The recipe is from JoyofBaking.  The recipe is easy to follow  and I love how she explains the importance of each ingredient.  This is very helpful for lazy cooks like me – I often leave out certain ingredients when I think it’s too much trouble or I can’t seem to see what the big deal is.

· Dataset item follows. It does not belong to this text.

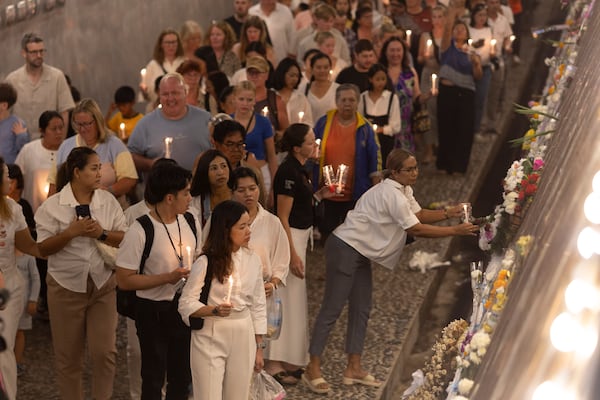 Relatives of victims of the 2004 Indian Ocean tsunami hold a candle light vigil as they participate in the 20th anniversary, at Tsunami Memorial Park at Ban Nam Khem, Takuapa district of Phang Nga province, southern Thailand, Thursday, Dec. 26, 2024. (AP Photo/Wason Wanichakorn)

Ooh, another reason I love making pancakes?  I get to do this:

You will need:

  • 1 cup all-purpose flour
  • 1 teaspoon baking powder
  • 1/4 teaspoon baking soda
  • 1/4 teaspoon salt
  • 2 tablespoon sugar
  • 1 large egg (lightly beaten)
  • 1 cup buttermilk
  • 3 tablespoon unsalted butter, melted
  • Extra butter for greasing the pan

 

In a large bowl whisk together the flour, baking powder, baking soda, salt and sugar. In a separate bowl whisk together the egg, buttermilk, and melted butter. Make a well in the center of the dry ingredients and then pour in the egg mixture, all at once, and stir (with a rubber spatula or wooden spoon) just until combined. The batter should have some small lumps. (Do not over mix the batter or the pancakes will be tough.) (The pancake batter can be covered and stored in the refrigerator for up to 24 hours.)

 

Heat a frying pan or griddle over medium high heat until a few sprinkles of water dropped on the pan or griddle splatter.  Adjust the temperature as needed. Can also use an electric griddle with the temperature set at 350 degrees F (180 degrees C). Using a piece of paper towel or a pastry brush, lightly brush the pan with melted butter or oil (or spray with a non stick vegetable spray.)

 

Using a small ladle or scoop, pour about 1/4 cup (60 ml) of pancake batter onto the hot pan, spacing the pancakes a few inches apart. When the bottoms of the pancakes are brown and bubbles start to appear on the top surfaces of the pancakes (2-3 minutes), turn over. Cook until lightly browned (about 1-2 minutes).

 

Repeat with remaining batter, brushing the pan with melted butter or oil between batches.